Model Based Machine Learning Book Chapter 2 Skills example in Pyro- tensor dimension issue

jeffmax · October 24, 2018, 6:28pm

I am trying to implement the example from MBML Book in chapter two. The setup is that there are 22 test takers answering a 48 question test. The goal is to take the each person’s answers and find out which of 7 skills they likely have based on their responses (when we know which skills apply to each question). At the same time, you also need to model the probability of how hard it is to guess the answer to each of the 48 questions.

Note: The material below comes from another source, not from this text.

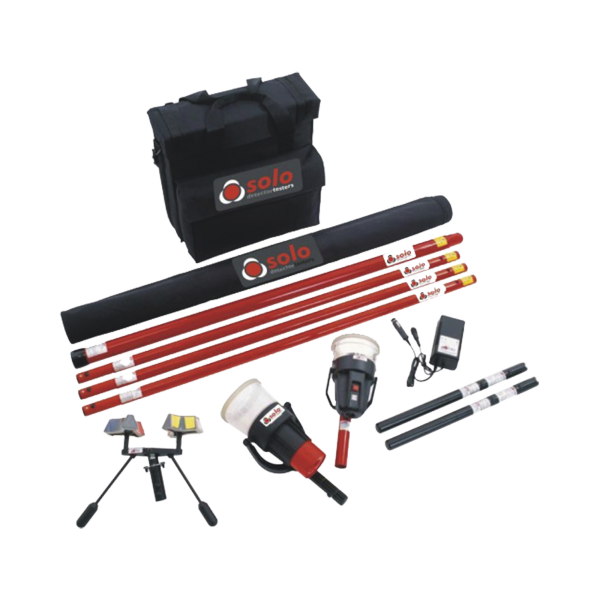 Kit Mejorado para Prueba de Detectores Térmicos y de Humo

My code is sampling distributions using 1 dimensional tensors and some of the tensor lengths are different. For example

guess_probs = pyro.sample('guess_prob', dist.Beta(torch.ones(48)*2.5, torch.ones(48)*7.5))
and
skills = [pyro.sample('skill'+str(x), dist.Bernoulli(torch.ones(22) * 0.5)).int() for x in range(0, 7)]

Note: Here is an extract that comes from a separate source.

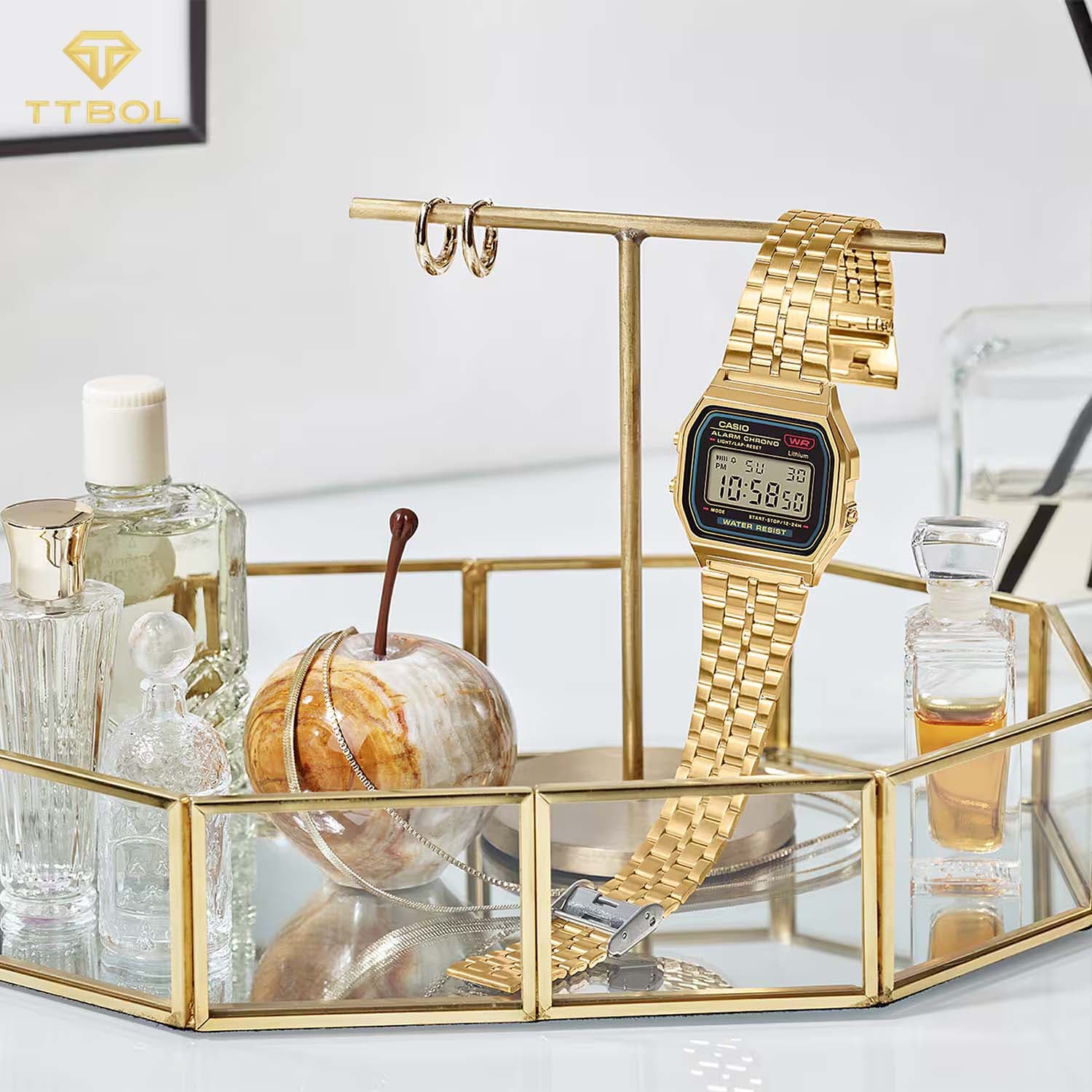 ساعت مچی مردانه،زنانه کاسیو CASIO A159WGEA-1 — تصویر ۷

The tensors for the probability of a person having each skill is of length 22, one for each person for that particular skill, but the variable I am sampling for the guess probabilities is of length 48, one for each question. I am getting an error from inside the step function of the pyro.infer.SVI object:

/usr/local/lib/python3.6/site-packages/pyro/infer/trace_elbo.py in _compute_log_r(model_trace, guide_trace)
     20             if not model_site["is_observed"]:
     21                 log_r_term = log_r_term - guide_trace.nodes[name]["log_prob"]
---> 22             log_r.add((stacks[name], log_r_term.detach()))
     23     return log_r
     24 

/usr/local/lib/python3.6/site-packages/pyro/infer/util.py in add(self, *items)
    113             assert all(f.dim < 0 and -len(value.shape) <= f.dim for f in frames)
    114             if frames in self:
--> 115                 self[frames] = self[frames] + value
    116             else:
    117                 self[frames] = value

RuntimeError: The size of tensor a (48) must match the size of tensor b (22) at non-singleton dimension 1

Is there a restriction that all pyro.param or pyro.sample statements must sample tensors of the same length?
I am also interested in whether using SVI to solve this type of problem is a workable approach- from some of the other threads I gather that there could be an issue with working with so many discrete variables.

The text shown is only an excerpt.